Message Title

Ali Ok edited a comment on

h2. Enabling centralized logging on OpenShift

h4. How

There's an Ansible playbook in openshift-ansible repository that takes enables logging.
https://github.com/openshift/openshift-ansible

h4. Minishift
It is not possible to enable it on a cluster setup using Minishift.

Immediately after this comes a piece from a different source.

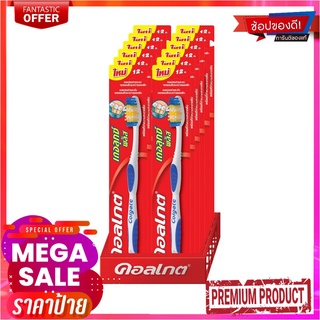 คอลเกต แปรงสีฟันสำหรับผู้ใหญ่ รุ่นดีลักซ์ แพ็ค 12 ด้ามColgate Toothbrush Delux x 12 pcs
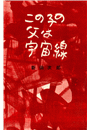 \摜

* Running Ansible locally and targeting Minishift cluster is very problematic (needs RHEL on local machine, mising tools, assumptions about the local machine don't work)
* Running Ansible within the Minishift VM is also not possible because that VM lacks lots of tools (Ansible, Pythong, Git etc.) and it is super hard to install them

h4. oc cluster up
Not possible either.

Targeting the local cluster with Ansible sounds good, but it ends up in similar problems to Minishift one.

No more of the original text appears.